History ColumnTransportation, Aerospace & Aeronautics

A Master Class in Ingenuity

By Robert Colburn, IEEE History Center

IEEE is celebrating the contributions of its members to human space travel. As part of this effort, the IEEE History Center has been collecting first-hand histories by IEEE members who worked on the Gemini, Apollo, and other space projects. Together, these reminiscences comprise a master class in ingenuity and creative problem-solving. Every aspect of these projects—the spacecraft, the controls, the medium they were to fly through, the temperatures—all called for new solutions.  Added to this was the enormous scale of the project.

As a service to today’s technologists, as well as to commemorate the achievements of IEEE members, IEEE History Center staff built a page on the Engineering and Technology History Wiki (ETHW) to collect these vital eyewitness views of technical history. The page has approximately twenty Oral Histories (including one by Commander James Lovell), and thirty First-Hand Histories. Here are just a few paragraphs from the many fascinating stories people are telling. To read them all, please visit: https://ethw.org/Human_Space_Travel_Primary_Sources.

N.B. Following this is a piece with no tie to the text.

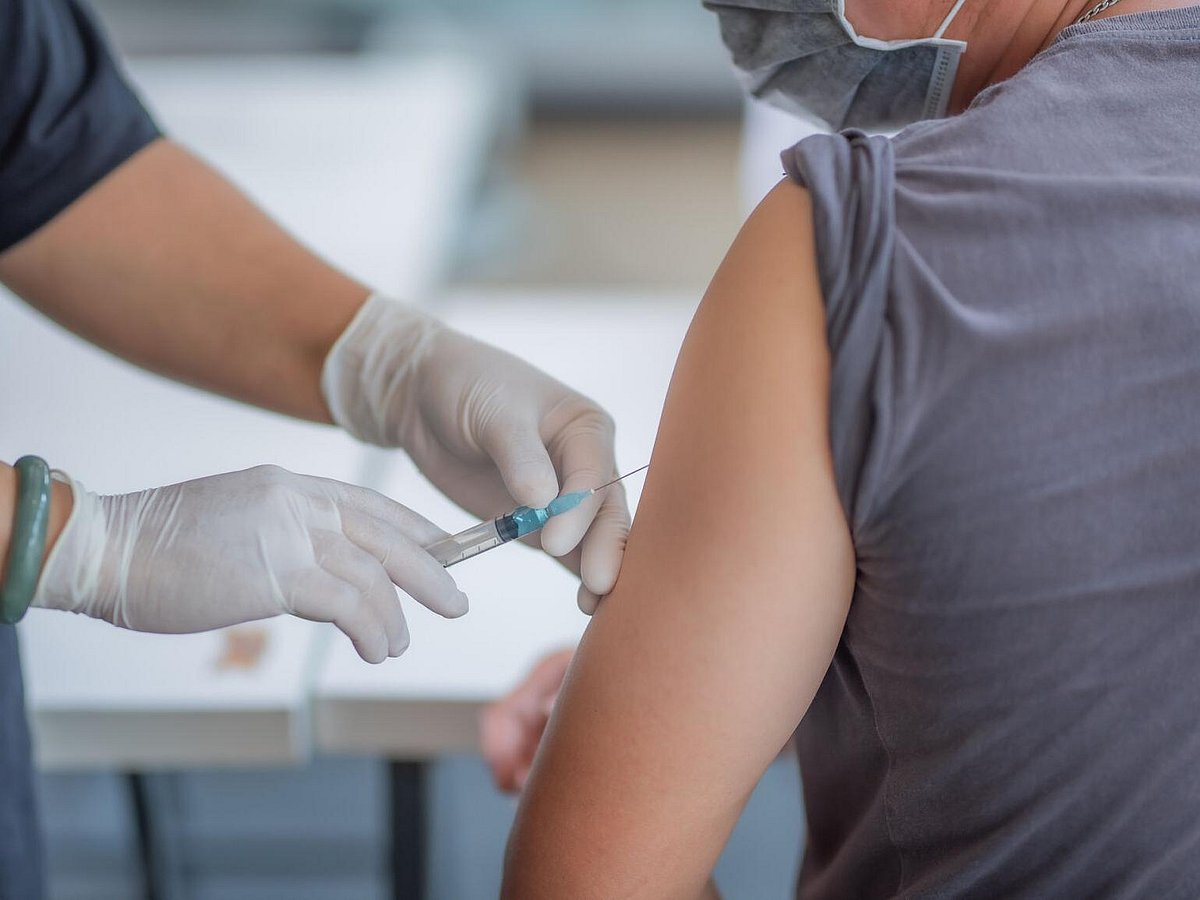 Corona Vaccine Tracker on Nov 7, 2020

As a PhD student in the UK, I was responsible for studying the moon by radar, and established that, for the most part, the surface was sandy, smooth and undulating and not hazardous for humans to land on. These findings were later confirmed by close up photographs taken by NASA. The work was published in 1957 and caused studies undertaken by the US Navy that had reached similar conclusions, but had been classified, to be released. This encouraged the thought of a moon landing at a time when optical astronomy could not resolve features on the moon’s surface smaller than 1/2 kilometer.

—John Evans

We reasoned that the data collection problem could be solved with a memory and i/o channel dump procedure triggered by placing a number related to the address of the procedure in location 67, a computer “hack.” On every restart without a mission program running, this would execute the memory dump program which would dump the data and then return to finish the restart procedure. We then found that the built-in telemetry routine could be redirected to transmit this data via telemetry to the ground station. This hack of the Apollo Guidance Computer was so helpful in fault analysis that it became a standard part of Command Module testing at North American Aviation.

—Walt Whipple

For the Apollo 11 mission, I assisted at the operations console to acknowledge the countdown, and report station status for the Saturn V launch. After the launch, I went along to the radar site (C-band) tracking the S-IVB stage during translunar injection. We intently watched the oscilloscope displaying beacon signals for radars from across the United States to Africa. On a remote, volcanic island with lunar-like landscapes, this seemed a fitting way to see Apollo 11 begin its voyage. After this, much time was spent in the operations room listening to the mission via NASA communications.

—George Gentzler

The proposal efforts for the LM, originally known as the LEM, included motion and fixed-base studies of both the landing phase and the docking phase. Both of these phases lasted about two hours, the maximum duration that analog computers would run before needing readjustment to eliminate drift.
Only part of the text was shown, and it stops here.